The Algerians state, with arguably some degree of accuracy, that they have more experience with terrorism (on both sides of the coin, left unsaid) than any other state.  Countries such as the United States have a firm policy of not negotiating with terrorists, and their objective in these situations is to (1) rescue the hostages and (2) destroy or capture the terrorists.  Algeria takes it further: they basically consider hostages to already be collateral damage, and will wade through however many unfortunates who happen to get in the way in order to annihilate the terrorist threat, so as to convey the long-range goal of convincing their enemies that any action on their part is disastrously futile.

(To use a pop-culture illustration, admittedly ficticious, it struck me during my association with them as the same attitude as Keyser Söze.)


David Cameron, the British Prime Minister, recognizes this unfortunate fact: 
The responsibility for these deaths lies squarely with the terrorists who launched these vicious and cowardly attacks. 
When you are dealing with a terrorist incident on this scale with up to 30 terrorists it is extremely difficult to respond and get this right in every respect. 
We should recognise all that the Algerians have done to work with us and to help and co-ordinate with us, and I would like to thank them for that.
*****
Update: The siege has officially ended, with Algeria reporting that 23 hostages are dead, including one American, Frederick Buttaccio of Houston, out of the 130 foreigners and several hundred Algerian workers.  Algerian special forces are still sweeping through the huge facility, and casualty estimates "may be revised upward".  Earlier, Mark Cobb, also of Texas, successfully escaped.  All 32 terrorists, apparently including the leader of the strike force, Abdul Rahman al-Nigeri, are reported to have been killed.

Three Britons have reported to have been killed, but three more are still listed as missing, as well as a foreign British resident.  Twenty-two British survivors are already back in the UK.
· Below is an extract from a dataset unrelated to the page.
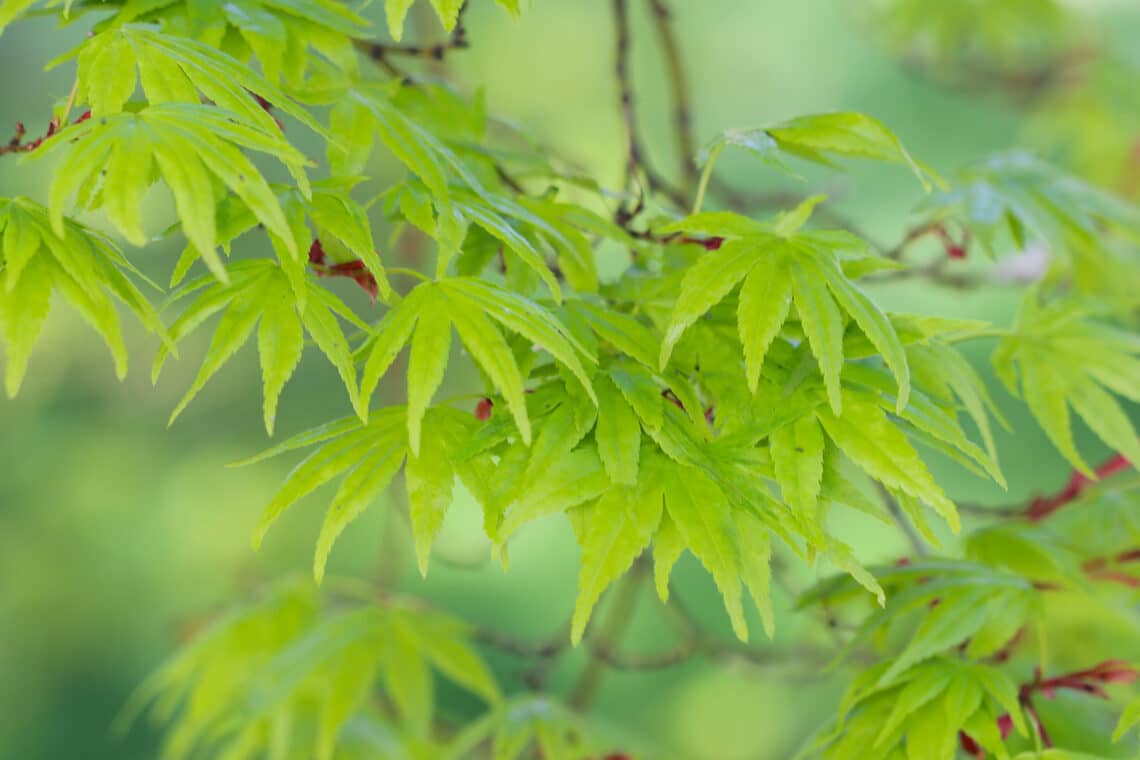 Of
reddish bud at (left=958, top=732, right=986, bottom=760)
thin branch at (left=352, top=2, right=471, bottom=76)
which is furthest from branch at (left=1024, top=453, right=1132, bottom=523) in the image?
thin branch at (left=352, top=2, right=471, bottom=76)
Some twelve bodies lodged in the makeshift morgue at the facility are reported to be Japanese.

*****
Update: In the latest report, the death toll for the hostages is now 38, including three Americans, and the tally for dead terrorists not rests at 29, with the Algerians claiming that three have been captured.  Five workers still remain unaccounted for.

There is no mention whether Belmokhtar is among the dead or captured.  The government confirms, however, that the leader was Amine Benchenab, an Algerian, and is confirmed dead as well.

The makeup of the terrorists is international, with Egyptians, Malians, Nigeri, Mauretanian, Tunisian, and Canadians among them.

Reports still speculate that Belmokhtar and his Masked Brigade are split off from AQIM, but I still consider the plausibility that he and his group are jockeying for power within AQIM, at least to the extent that they are still viable.  I would be surprised if Belmokhtar is among the dead at Ain Amenas, but I await further developments from this revision-a-minute unfolding after-action report.